··· Supplied material
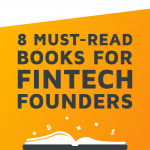 A lamp shining on an open book and revealing the writing '8 Must-Read Books for Fintech Founders'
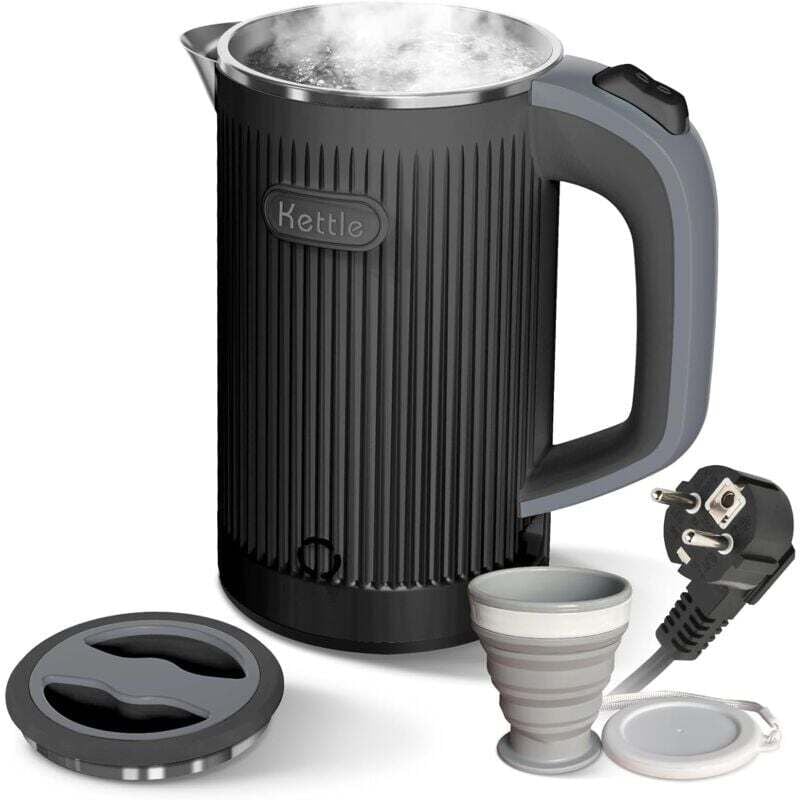 Image of Bollitore portatile con tazza pieghevole, bollitore da viaggio da 800 ml, ebollizione rapida, acciaio inossidabile silenzioso, bollitore piccolo,
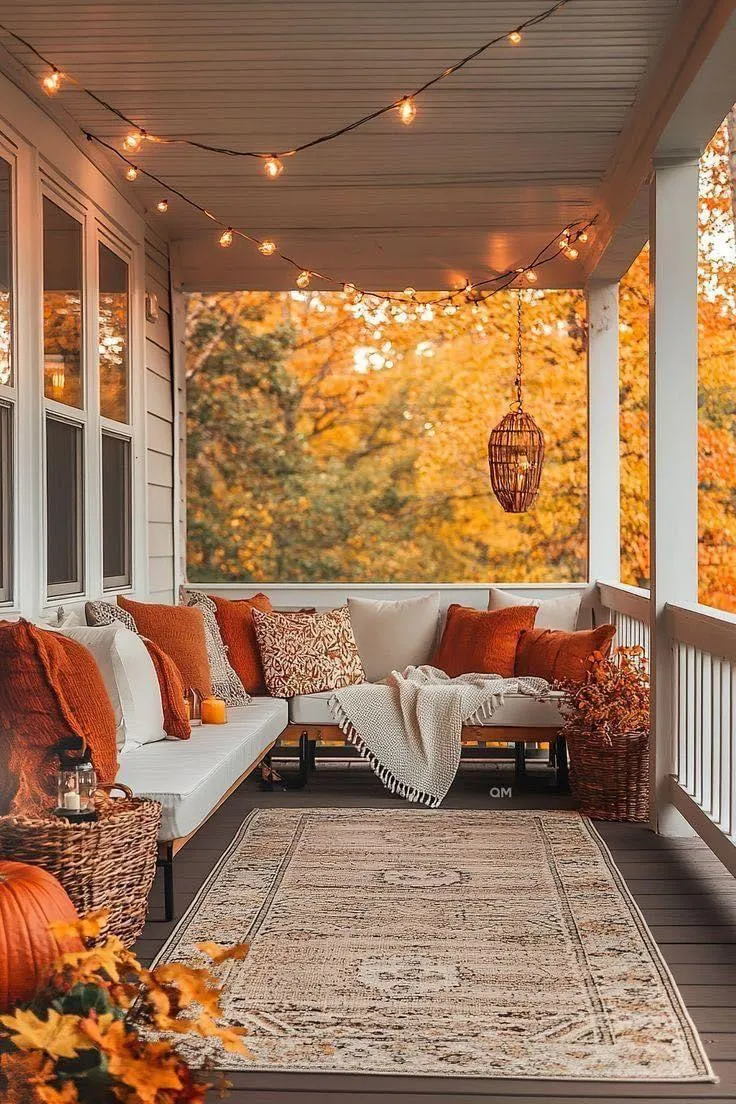 Autumn Porch Seating with Pillows and Pumpkin Decoration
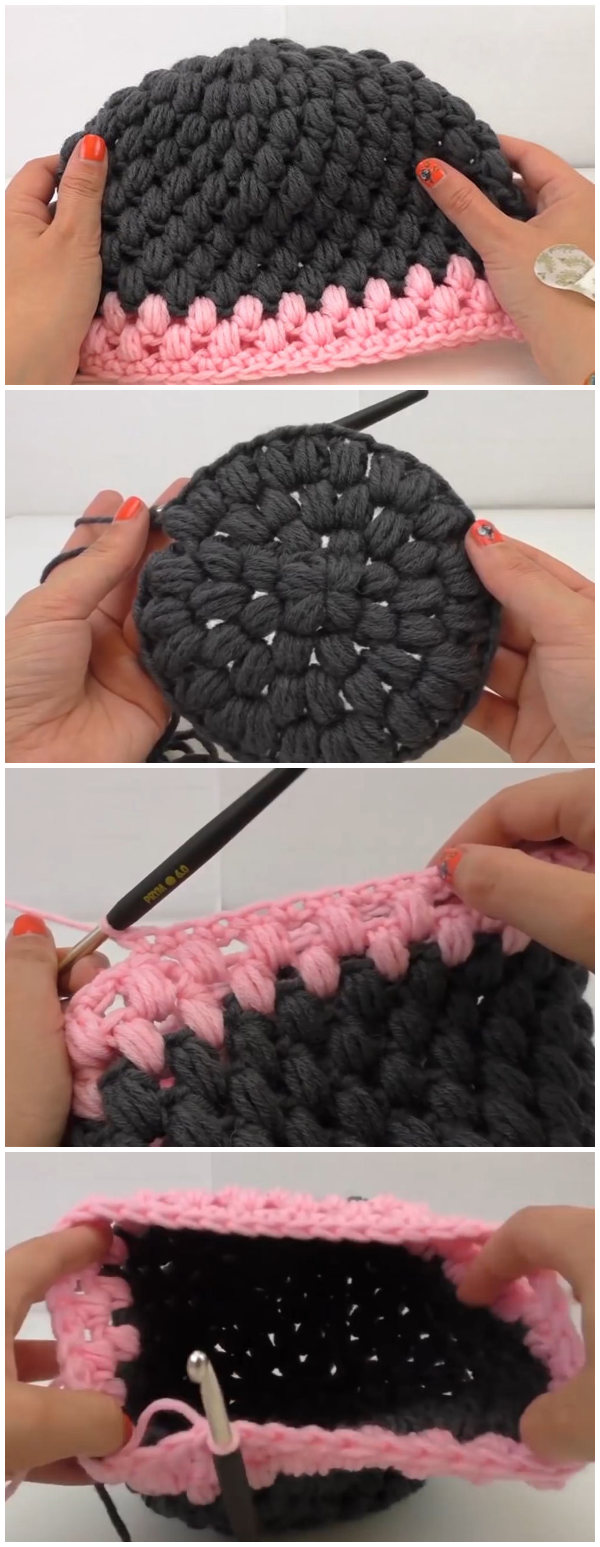 Crochet Puff Stitch Hat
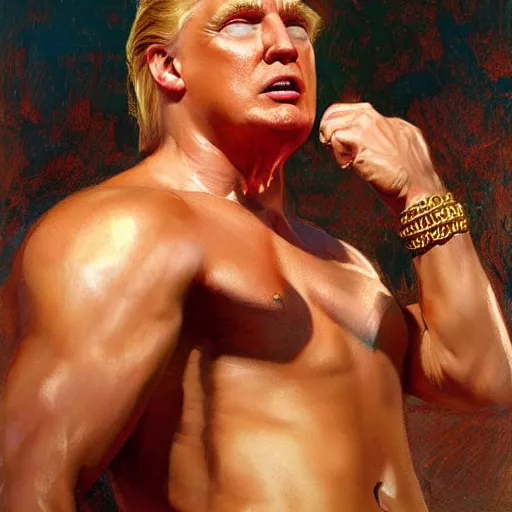 Image similar to detailed realistic cinematic wide shot of beautiful attractive muscular donald trump with gold chain wearing blue bath robe slim face symettrical face clean skin black eyes black robe smooth, sharp focus, ultra realistic, spring light, painting by gaston bussiere, craig mullins, j. c. leyendecker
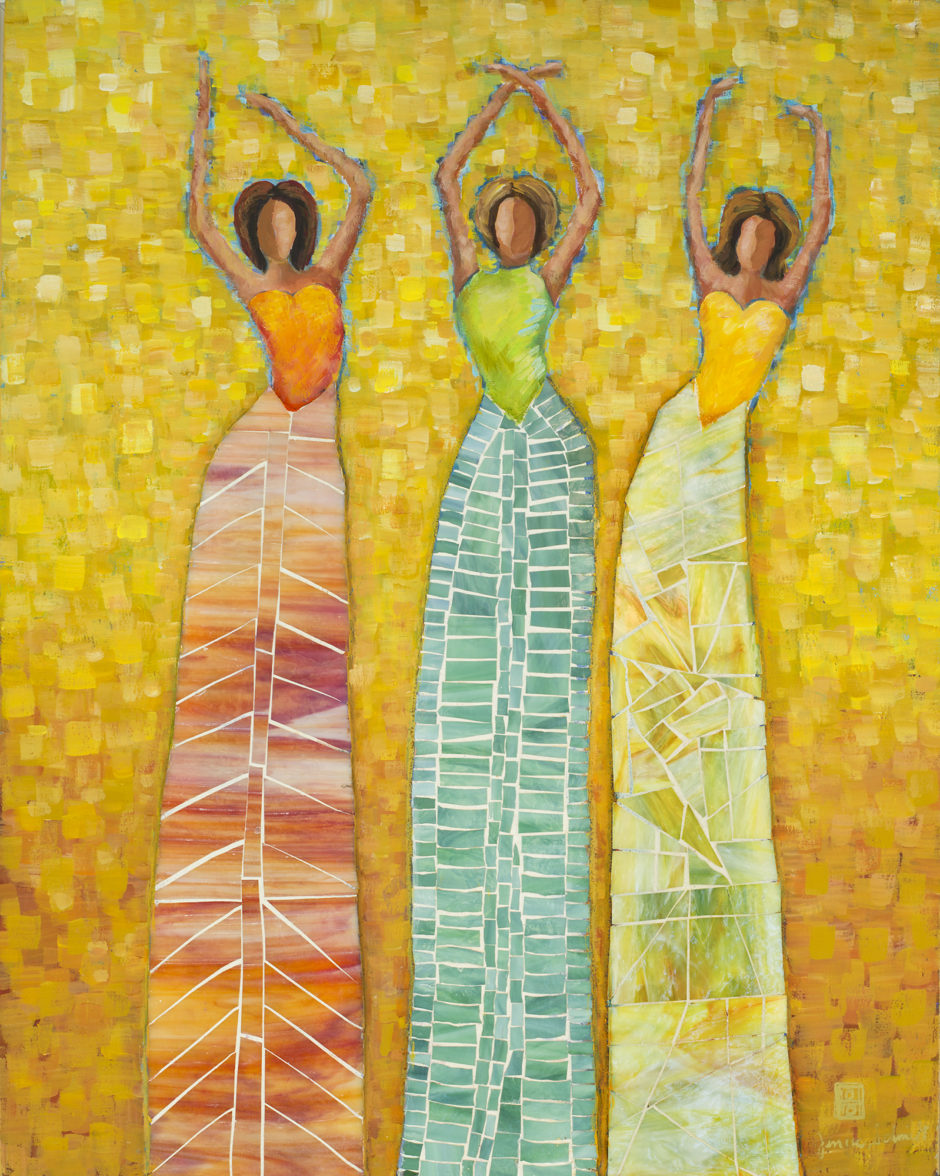 Three Mosaic Ladies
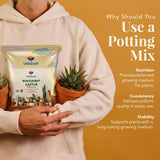 Organic Succulent & Cactus Potting Mix | 100% Natural Soil Blend with Trichoderma, Perlite & Neem Cake | Promotes Strong Roots & Excellent Drainage for Succulents, Cacti & Indoor Plants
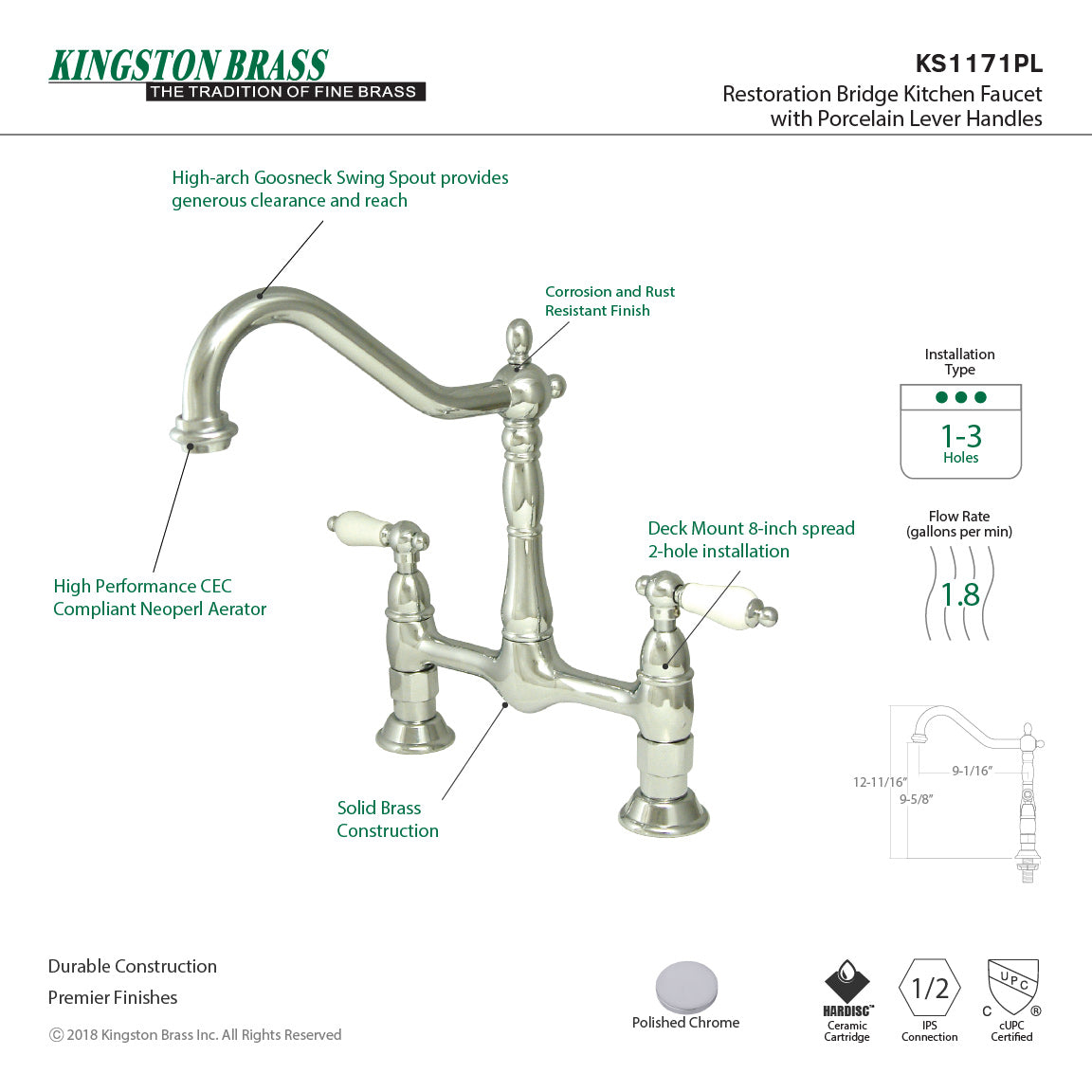 Heritage KS1171PL Two-Handle 2-Hole Deck Mount Bridge Kitchen Faucet, Polished Chrome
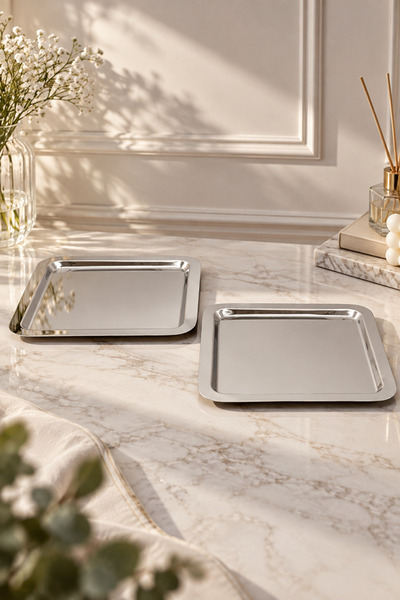YzHome 6 Lı Paslanmaz Metal Kahve Sunum Servis Tepsisi Tepsi 22cm
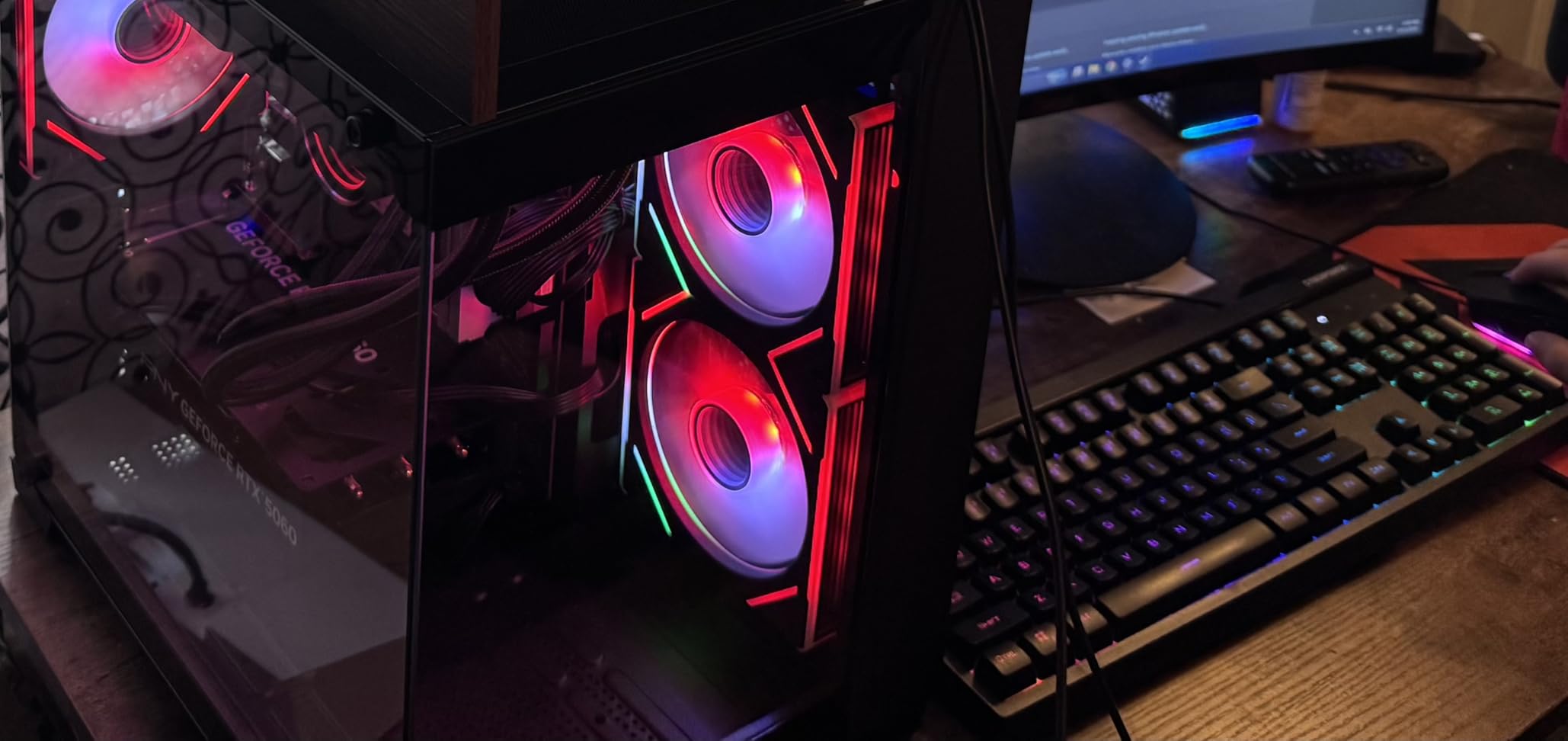 YAWYORE Gaming PC Desktop Computer, AMD Ryzen 7 5700X, GeForce RTX 5060, 32GB DDR4 RAM, 1TB M.2 NVMe SSD, 240 Liquid Cooler, ARGB Fans, WiFi+BT, for Game Design and Office customer photo 1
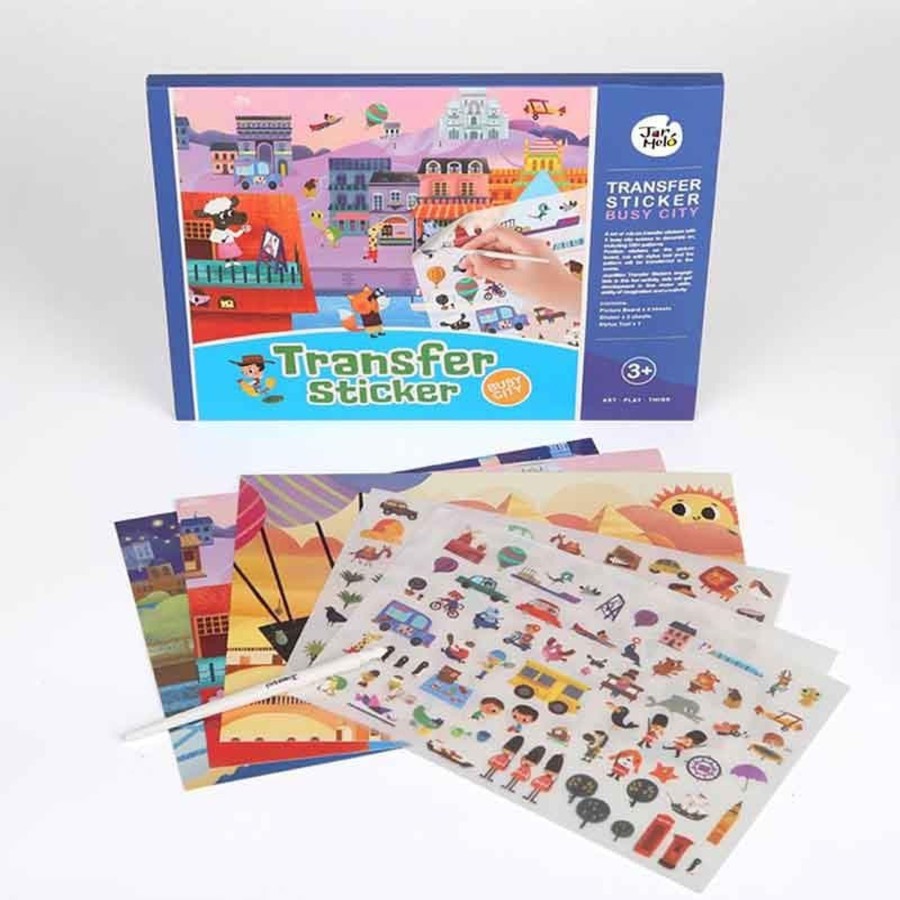 Kids Toys JarMelo Colour & Paint | Transfer Sticker Scenes Set - Busy City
······
▶ _Exercise goal_
Going back to the data above, write out everything from the line with "Autumn Porch Seating" down to the line with "Three Mosaic Ladies", both included, leaving every picture out.

▶ _Exercise output_
 Autumn Porch Seating with Pillows and Pumpkin Decoration
 Crochet Puff Stitch Hat
 Image similar to detailed realistic cinematic wide shot of beautiful attractive muscular donald trump with gold chain wearing blue bath robe slim face symettrical face clean skin black eyes black robe smooth, sharp focus, ultra realistic, spring light, painting by gaston bussiere, craig mullins, j. c. leyendecker
 Three Mosaic Ladies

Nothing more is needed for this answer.